AP or College Classes? What Looks Better? Please Help

Hello all, and thank you for stopping and maybe considering helping me with my question. Well, right now I am taking two college classes and then the rest of my classes are honors. I am also taking Spanish 3, in 4-H, have my own blog, am a certified scuba diver, top scorer on my soccer team, and kids life group teacher. My main question is, what looks better? doing AP and IB or taking a bunch of college classes and then the rest being honors?

Depends on which AP courses and which college courses.

High school AP courses typically try to approximate introductory frosh level college course material, although they often cover it at a slower pace than college courses (e.g. a year long AP calculus AB, psychology, or statistics course covers what a college course may cover in a semester). Actual college courses can vary all over the range. For example, in math, you can take remedial courses (high school level math like algebra and trigonometry), frosh level courses (calculus 1, calculus 2), and more advanced courses (calculus 3, linear algebra, differential equations, etc.).

Right now I am just taking comp 1 and american history do those look bad? @ucbalumnus

If those are frosh level courses, they should theoretically be at similar level as AP English and US history courses, but different colleges may teach them at more or less rigorous levels.

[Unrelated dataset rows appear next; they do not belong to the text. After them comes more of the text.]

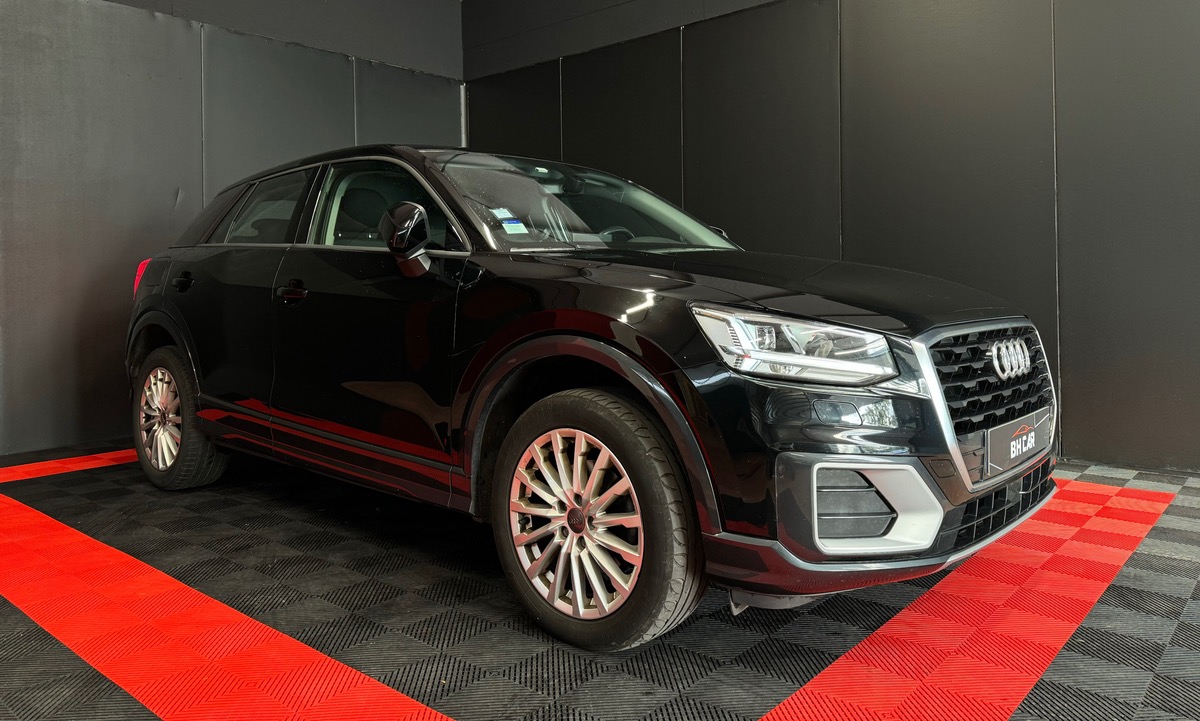 Image: Audi Q2 1.6 TDI 116 CH Business Line Garantie 12 Mois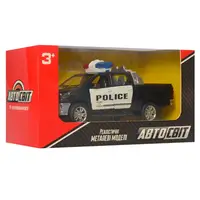 Коллекционная игрушечная машинка Джип AS-2261 инерционный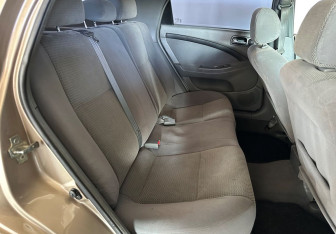 Подержанный автомобиль Chevrolet Lacetti Sedan 2008 года (17 фото)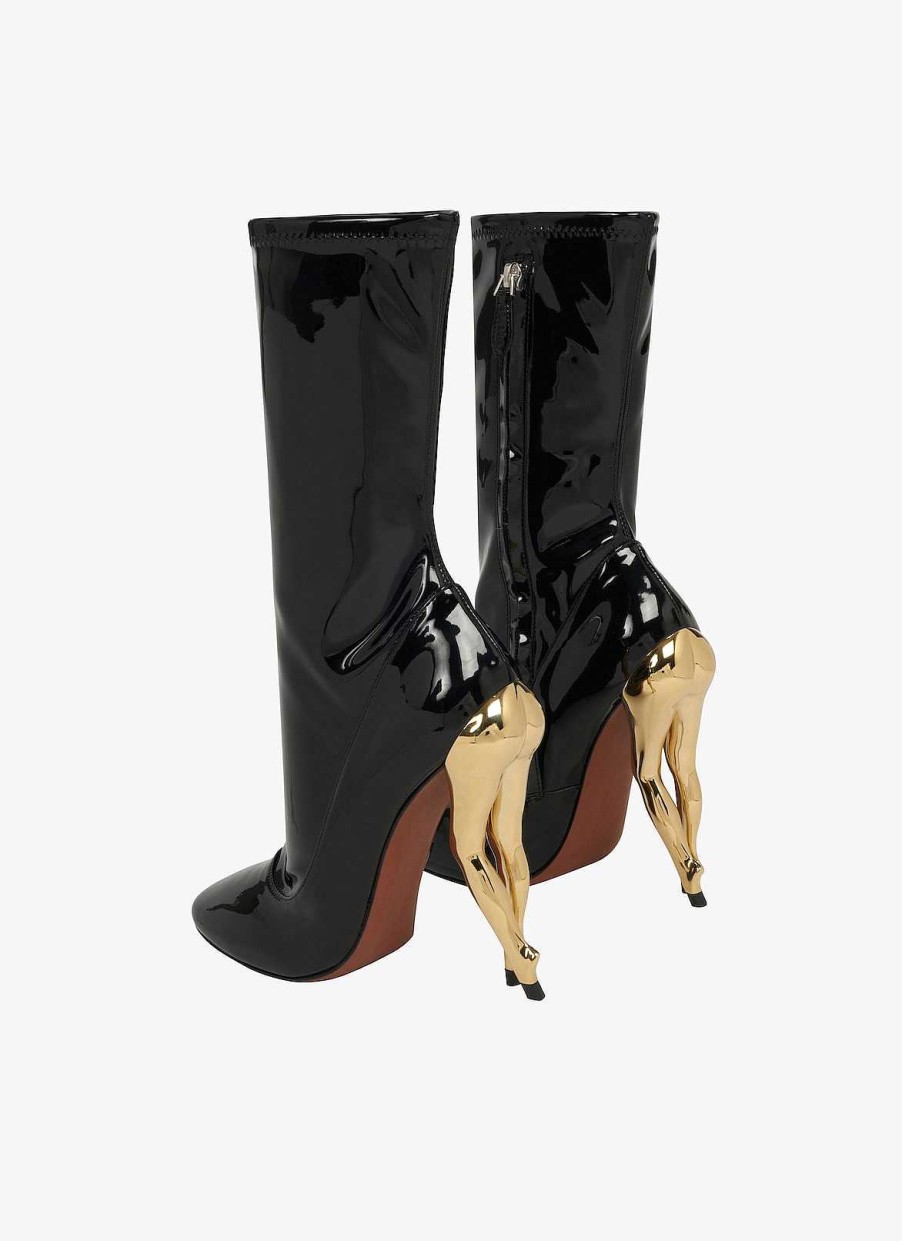 Chaussures Alaïa | Bottes Cabaret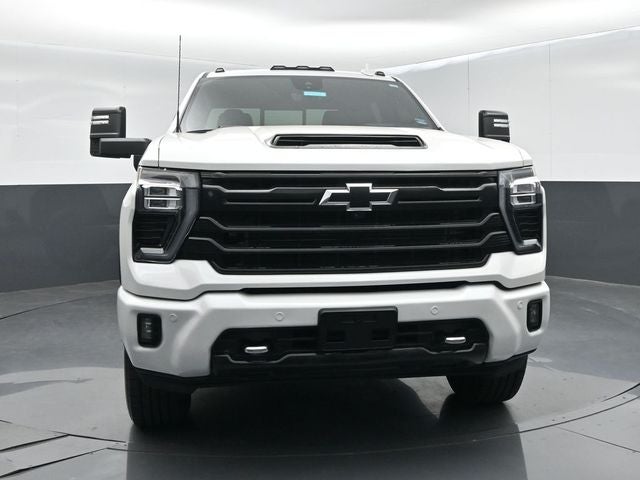 2024 Chevrolet Silverado 3500HD 4WD Crew Cab Standard Bed High Country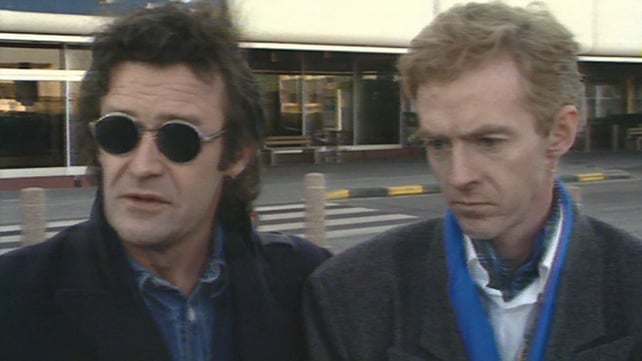 Frank Murray and Phil Chevron (1988)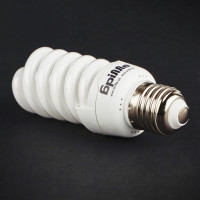 Лампа энергосберегающая E27 PL-SP 18W/840 techno Br 220V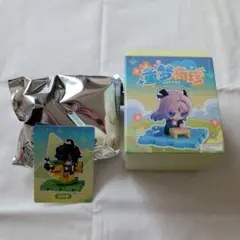原神 童梦奇珍 童夢奇珍 ちびキャラ フィギュア　キィニチ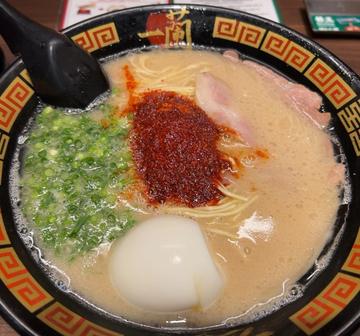 一蘭 ラーメン 秘伝のタレ10倍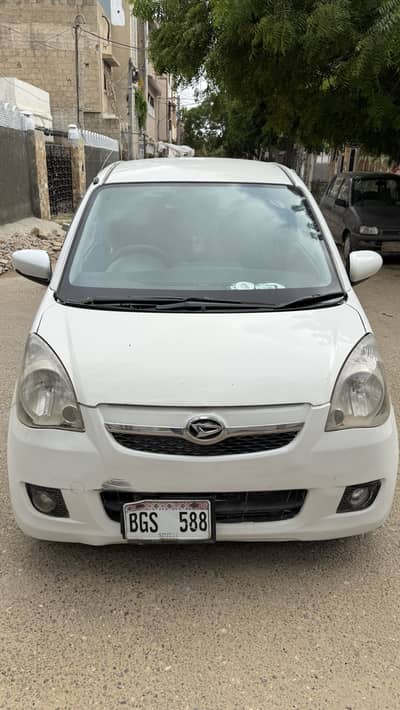 Daihatsu Mira 2013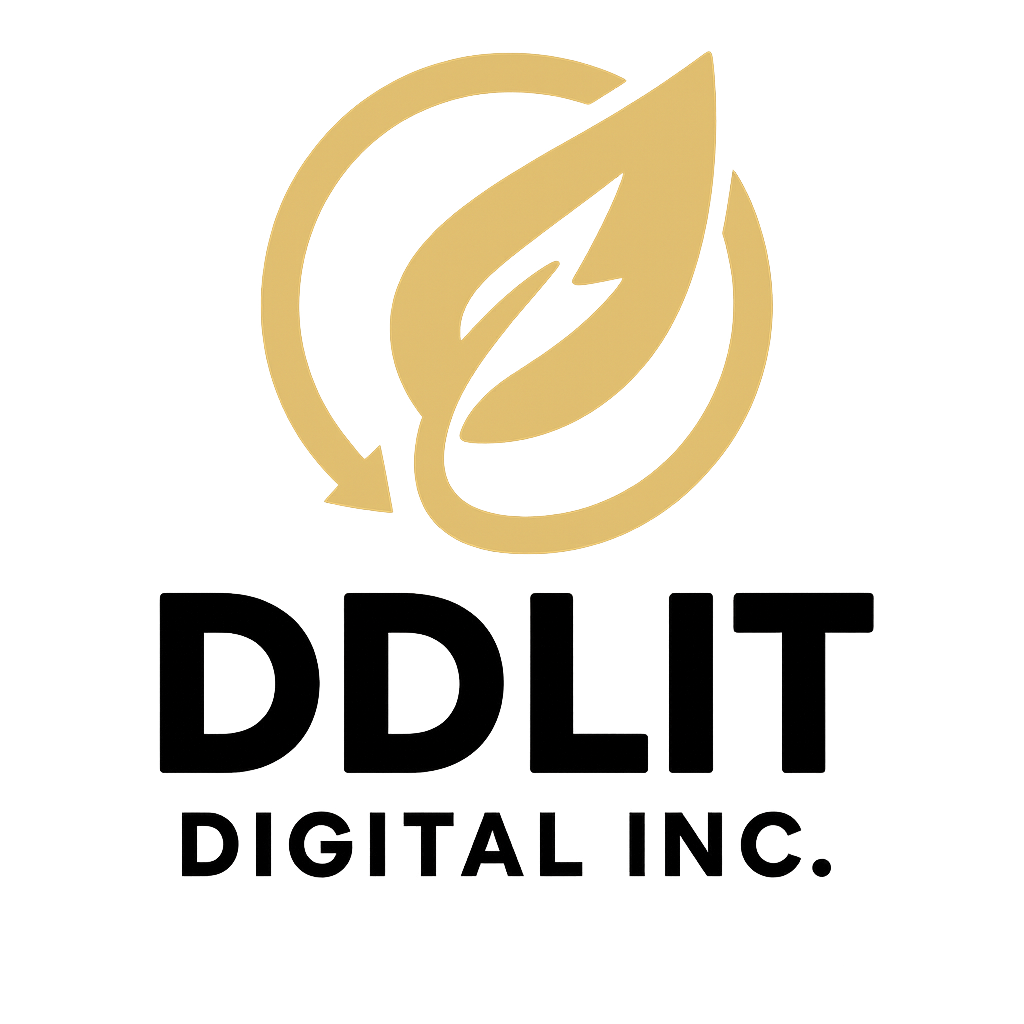 DDLIT Digital Logo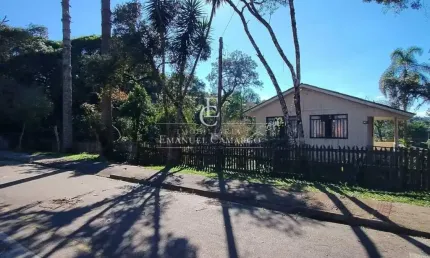 Terreno à venda na Avenida Jacob Valenga, Vila Franca, Piraquara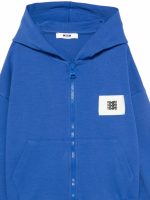 MSGM Kids Felpa con cappuccio - immagine 2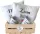  2x CANI PERNE SET CADOU DE NUNTA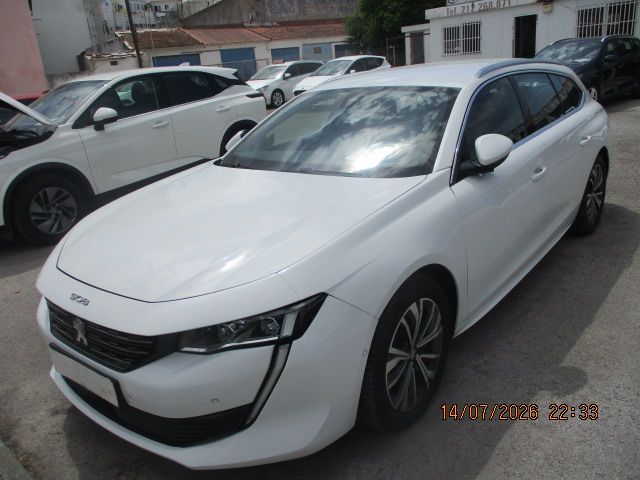 Peugeot 508 BlueHDi 130 Active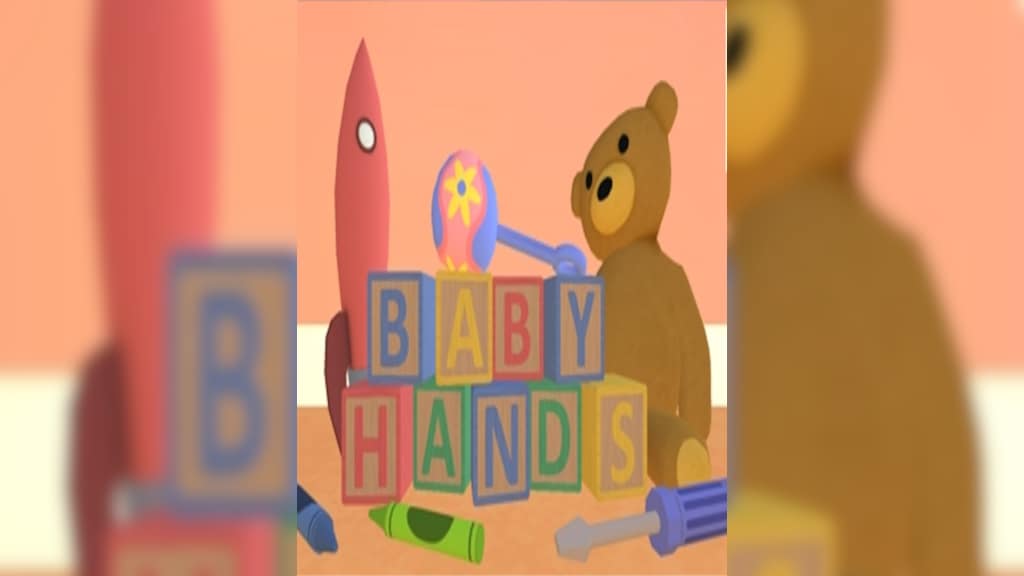 Baby Hands on Steam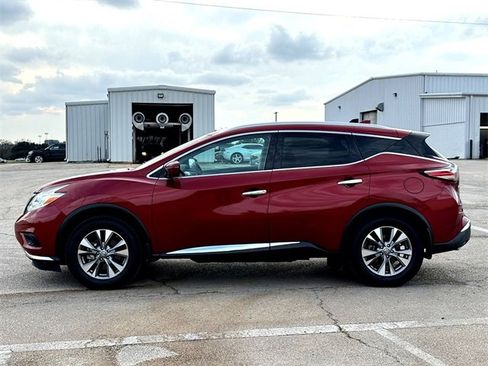 Used 2017 Nissan Murano SL image 5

Will your college applications explain why you preferred to take the college courses over AP (HS didn’t offer AP so you took the initiative to take college courses, your schedule is more flexible so you can concentrate on your EC passions)? My personal favorite reason, you are tired of the prevalence of teaching to a test (AP) and the College Board determining who is a worthy admit and who is not. You decided to take an actual college course, not one that tries to “approximate” it.

Good luck & aloha!

College classes are usually (but not necessary) at a higher pace than AP classes. For AP classes, you need a good AP exam score for credits. While for college classes, you get the credit from final exam. Nevertheless, not all college credits from all colleges would be accepted for transfer by all schools.